- EXERCISE DATA -
-*-*-
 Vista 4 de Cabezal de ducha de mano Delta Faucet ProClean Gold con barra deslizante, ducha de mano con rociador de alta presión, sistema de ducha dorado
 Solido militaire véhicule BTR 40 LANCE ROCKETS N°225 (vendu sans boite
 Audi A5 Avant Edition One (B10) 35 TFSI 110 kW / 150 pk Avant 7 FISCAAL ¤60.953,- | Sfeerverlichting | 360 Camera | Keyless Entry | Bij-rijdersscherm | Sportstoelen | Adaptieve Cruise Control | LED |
-*-*-
- WHAT IS REQUIRED -
Output the listing above without altering a single character.

- ANSWER TO THIS EXERCISE -
 Vista 4 de Cabezal de ducha de mano Delta Faucet ProClean Gold con barra deslizante, ducha de mano con rociador de alta presión, sistema de ducha dorado
 Solido militaire véhicule BTR 40 LANCE ROCKETS N°225 (vendu sans boite
 Audi A5 Avant Edition One (B10) 35 TFSI 110 kW / 150 pk Avant 7 FISCAAL ¤60.953,- | Sfeerverlichting | 360 Camera | Keyless Entry | Bij-rijdersscherm | Sportstoelen | Adaptieve Cruise Control | LED |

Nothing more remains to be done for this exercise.